The instructions says to leave the plastic film while baking it in the oven. Anyone have experience with this?

The instructions says to leave the plastic film while baking it in the oven. Anyone have experience with this?

you'd probably get better results by taking the film off and covering it with foil. but since it's a pre-made Stouffers product, "better" is relative.

Why the fuck are you even buying a shitty microwave dinner if you don't even own a microwave?

just do whatver they say unless it's adding extra topping to frozen pizza

I broke the microwave.
I threw one of these in for 5 minutes without adding water. That was a bad day. Even worse it was one of those microwaves that matched the oven aesthetically. Even even worse it was my mother's husband's microwave.
Even even even worse is I'm 27 years old.

Veeky Forums is full of great people

>I threw one of these in for 5 minutes without adding water.

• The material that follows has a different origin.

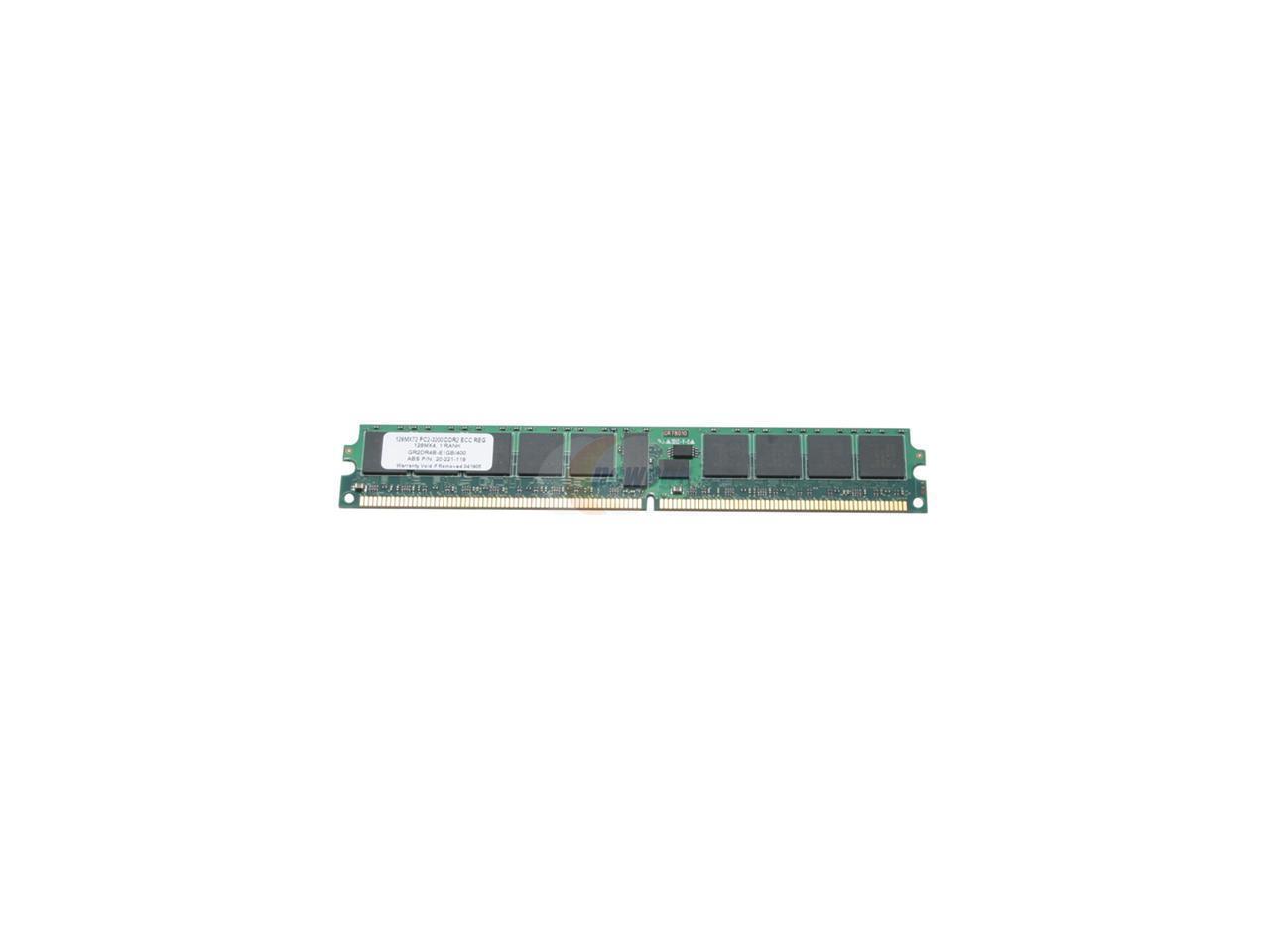 Gigaram 1GB 240 Pin DDR2 SDRAM ECC Registered DDR2 400 PC2 3200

Leaving the film on is fine, just seems to prevent the lasagna from drying out. You can probably check it after maybe 50 minutes to see if it is too watery or if the cheese isn't browning as much as you'd like it to, and take the film off. Or if you want to add extra cheese you can peel off the film to one side, then cover it again after adding cheese.

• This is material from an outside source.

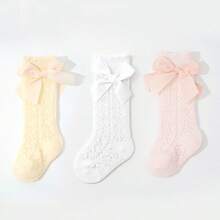 3 đôi tất bắp chân, tất nơ, tất trắng, tất học sinh, tất đa năng, tất đi học, tất công chúa, tất bốn mùa, tất lưới, tất lấp lánh, tất bắp chân dệt kim - Nhiều màu - Xem 8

> Anyone have experience with this?

Yes, a buddy gave me a bunch of Stouffer’s meals as he’s trying to get his parents to eat better and looted their kitchen and let me tell you, that stuff will have you shitting 10x per day!

Never again, my digestive system was still fucked up a week after they were gone...

Also, those meals are loaded with salt, the minimum is 25% of the daily recommended amount and many of them are 50-60%!

Their french bread pizzas on the other hand, are pretty good.

I was wondering this too earlier today.

>this is my weakness. I know what I'm doing to my body, but I can't help it.

>impulse buy something out of the frozen food section
>get it home
>excited to cook it
>OVEN BAKE ONLY DO NOT MICROWAVE

The film won't melt, there are many film-grade plastics that can take well over the oven temp needed to heat up your shitty dinner.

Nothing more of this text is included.